§ **Given material**:
┏━━
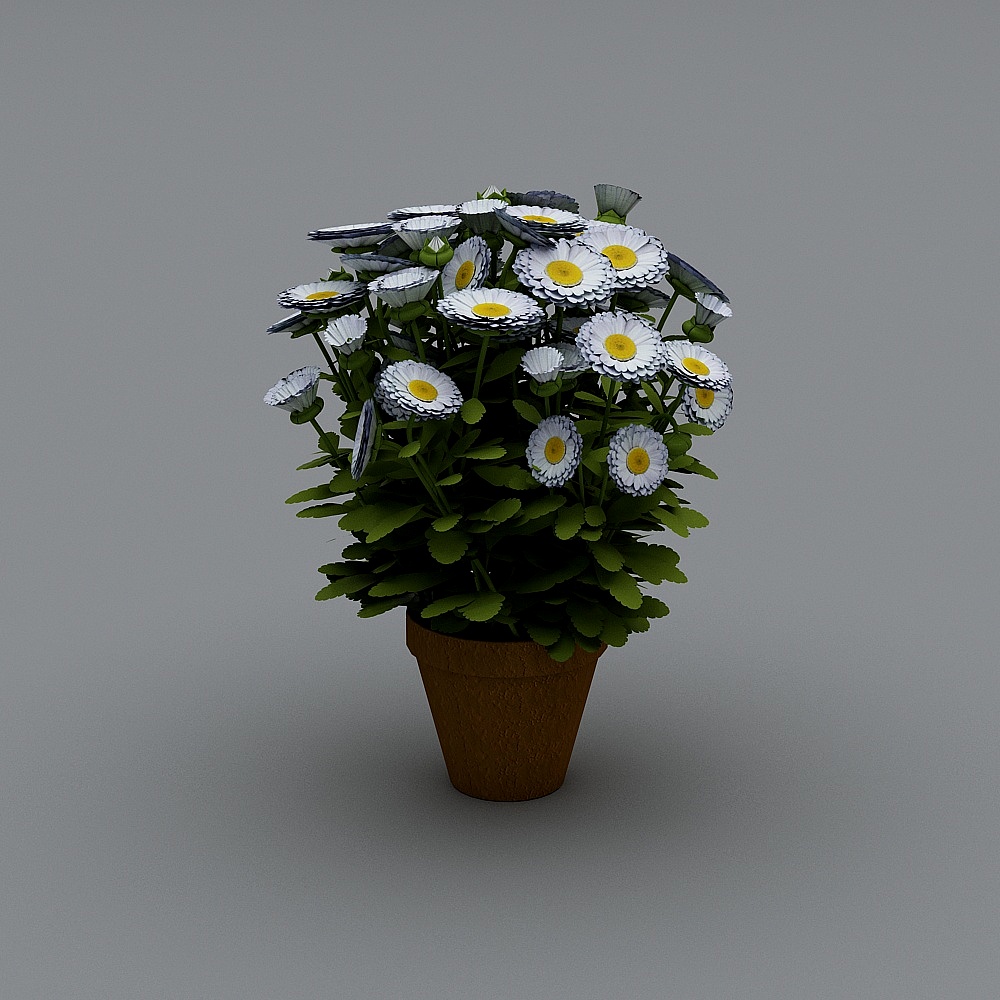 Charming Daisy Flower Pot 3D model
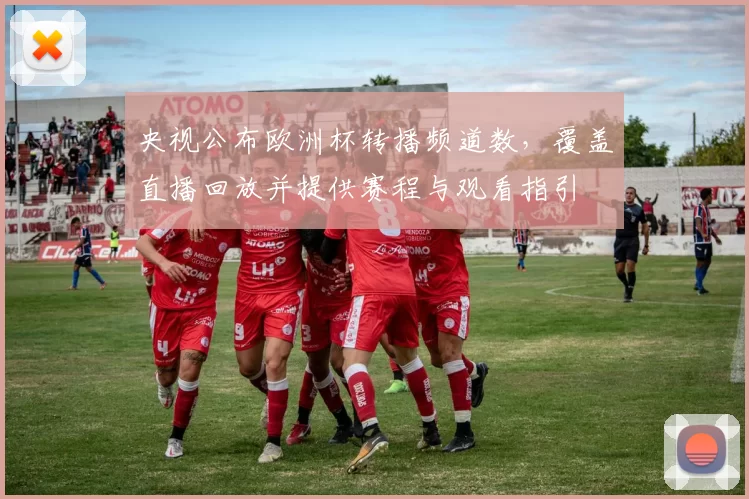 央视公布欧洲杯转播频道数，覆盖直播回放并提供赛程与观看指引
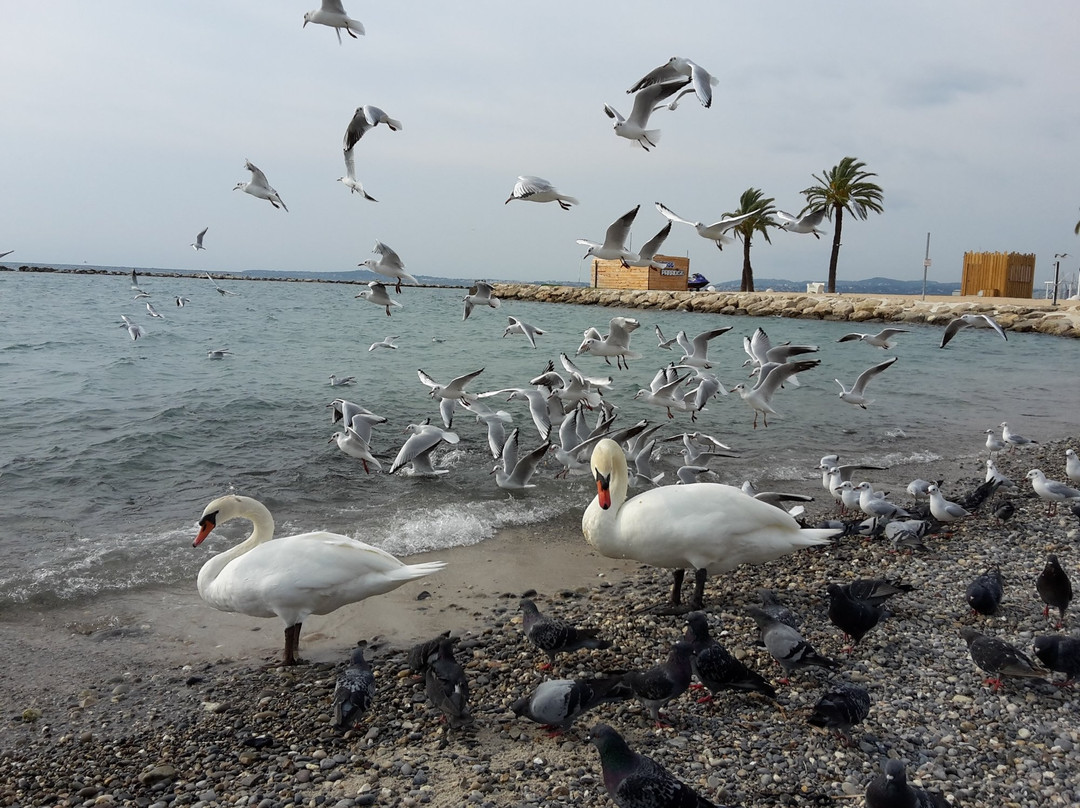 L'aquarium Naturel des Flots Bleus景点图片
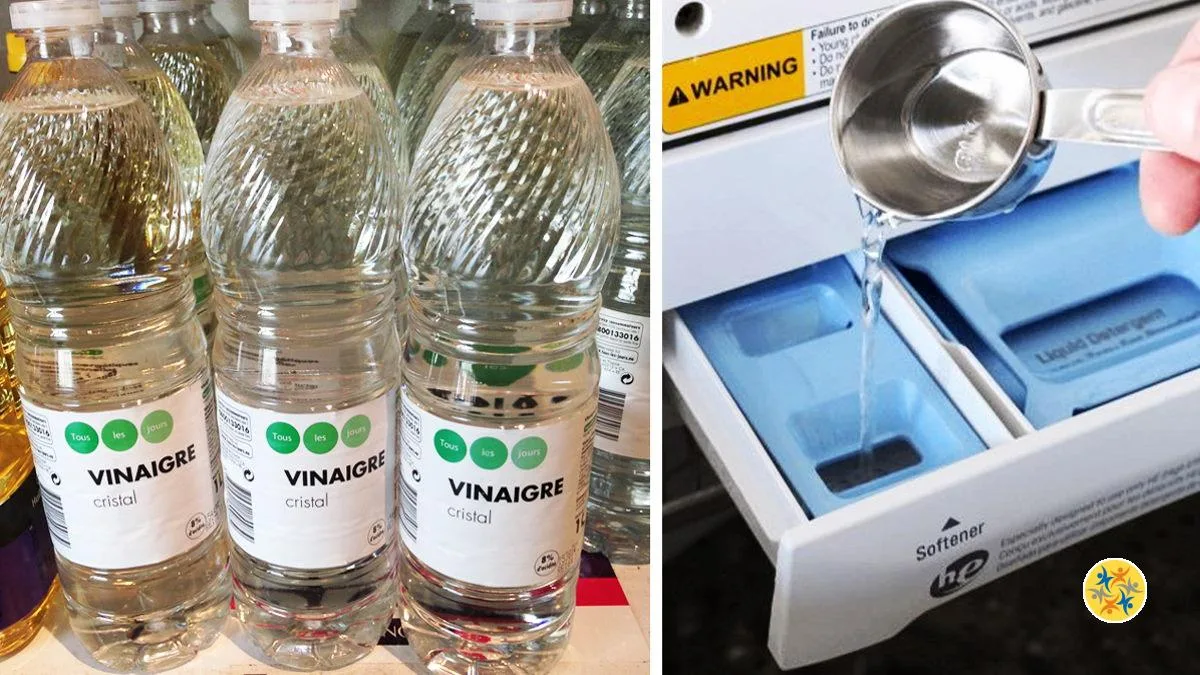 Vinaigre Blanc en Machine : 5 Astuces à Connaitre Avant de l'Utiliser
┗━━
§ **What the task requires**: Return the listing above verbatim and exclude every picture.

§ **Answer area**:
 Charming Daisy Flower Pot 3D model
 央视公布欧洲杯转播频道数，覆盖直播回放并提供赛程与观看指引
 L'aquarium Naturel des Flots Bleus景点图片
 Vinaigre Blanc en Machine : 5 Astuces à Connaitre Avant de l'Utiliser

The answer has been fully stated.